A successful experience in school is not only about report cards.
- Jessica Lahey
Very young children are naturally interested in learning and exploring the world around them. They are at the very beginning of their learning journey, so everything is new and exciting! If they reach out and fall, they get up again stronger and wiser - children learn by trying, testing, and making mistakes.
According to Jessica Lahey at New York Times, when children enter kindergarten some parents and teachers begin to unbalance this learning process by devaluing and replacing it by focusing on the results of learning. This means that the children's inner motivators such as natural curiosity, competence, and self-efficacy are valued less than external motivators such as stickers, points, and grades. Unfortunately, external motivators lower children’s desire to learn over a longer period of time.
It is a New Term and a New Year of 2022!
Enter it with an open, relaxed mind, and maybe let some of your old teaching routines go. You might also want to say bye-bye to report cards, sticker prizes, and too high academic expectations. Welcome rest, long-term goals, and permit of making mistakes into your preschool environment.
Here are the Do's and Don'ts for early learning in 2022 inspired by Jessica Lahey in New York Times magazine:
- Focus on the learning process, not the result
- Encourage children to self-advocate
- Make long-term learning plans
- Support a healthy sleep and rest schedule
- Love the class you have, not the class you wish you had
- Overschedule and plan too many things around one theme
- Highlight stickers or other rewards too much
- Encourage helplessness
- Compare children to one another
- Love or note children based on their performance
Focus on the learning process as a teacher too
Be honest and open about your own mistakes and successes with the children. This shows that even teachers make mistakes and try again - the core idea of the learning process! If you are negative about your own mistakes as a teacher, the children might learn that from you. If however, they see that their teacher is brave, admits when she makes a mistake, and learns from it - the children will more likely copy this behavior from you. "I will be better next time!"
Support a healthy sleep and rest schedule
Sleep Foundation states that sleep is of paramount importance to young children. Early in life children experience tremendous learning and development that affects the brain, body, emotions, and behavior.
Preschoolers (3-5y) need 10-13 hours of sleep each day. Toddlers (1-2y) 11-14 hours (naps included).
Finnish children have naptime (or at least some time for resting) in preschool/kindergarten until the age of 6. There is a strong link between sleeping and learning.

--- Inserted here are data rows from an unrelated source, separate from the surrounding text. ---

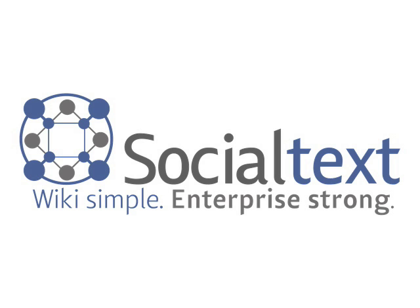Wikis are becoming a pervasive tool for collaboration. Most wikis are geared for technical users and are not easy to use or intuitive enough for the average user. This makes widespread adoption difficult.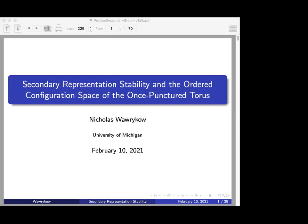My title is secondary representation stability. I'll say a few things about that and talk about how the ordered configuration space of the once-punctured torus, or rather some of its homology groups, are a slightly new example of something that can happen with secondary representation stability that hasn't been seen in other manifolds.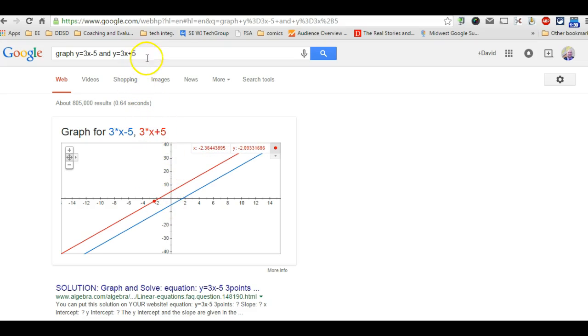It can do all kinds of graphing, cosines and all that as well.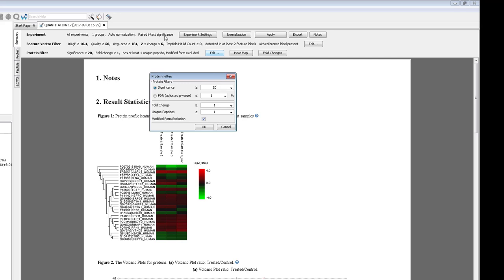If one group is used, such as in this case, a paired t-test is used to calculate significance. If more than one group is used, such as a super-SILAC experiment, ANOVA is used to calculate significance. You can use FDR instead, which is calculated using an adjusted p-value. Modified form exclusion is also included as an option to increase accuracy.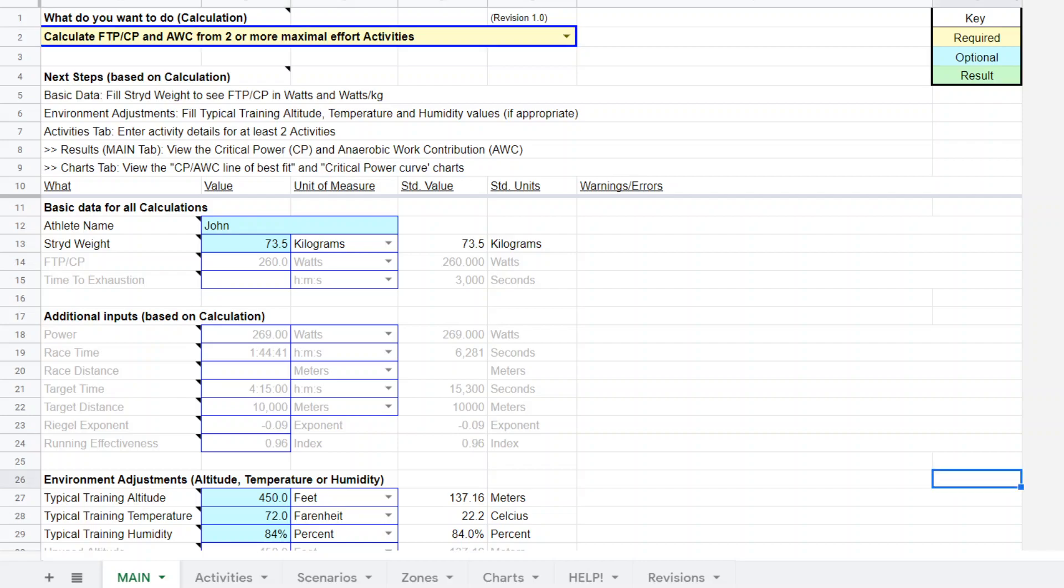Hello everyone, this is Steve Palladino from Palladino Power Project and I'm back doing another demonstration video for using the super power calculator to do some race planning and come up with race power targets.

According to also Jessica Lahey, sleep is essential to learning and memory, so it is good to prioritize sleep or rest over extra activities. If the children do not have any time to rest and rewind during the day, think about what in the preschool schedule could move to make that a priority.
Encourage children to self-advocate
"Starting as early as kindergarten, children need to be encouraged to speak up, tell adults what they need, and stand up to people who are not treating them the way they want to be treated," says Jessica Lahey.
When a child comes to you and complains about how another child treated her, ask "What did you say or do?" (or "What did you plan to say or do?") to make sure the child is heard and understood. Simply asking this question can help children reframe the situation and think about what they can do differently next time to effect the change themselves.
So as a teacher, sometimes it is ok not to run to solve the conflict right away, but to let the children involved go it through themselves first. It is anyways good to discuss problematic situations properly with an adult too.
Engage families with open communication
According to Jessica Lahey, the research is clear: "Family involvement and positive home-school communication have been associated with improved grades, positive behavior and attitudes about learning, increased participation, and increased attendance."
Also, a Finnish study by Päivi Pihlaja et al. has conducted that parental involvement plays a significant role in the academic achievement and the healthy development of young children. Gaining a better understanding of early childhood educators’ views and the reasons behind insufficient practices is important for improving communication with families.
Start by finding out what type of communication methods the families prefer. Also, make sure to give each parent clear contact details of the kindergarten manager and the child's teacher. Take time for replying to the parents' questions, wishes and worries so that the families feel they are engaged in their children's learning and life in preschool.
Hereby, I wish you a Good night, Happy learning, and a Great new year 2022!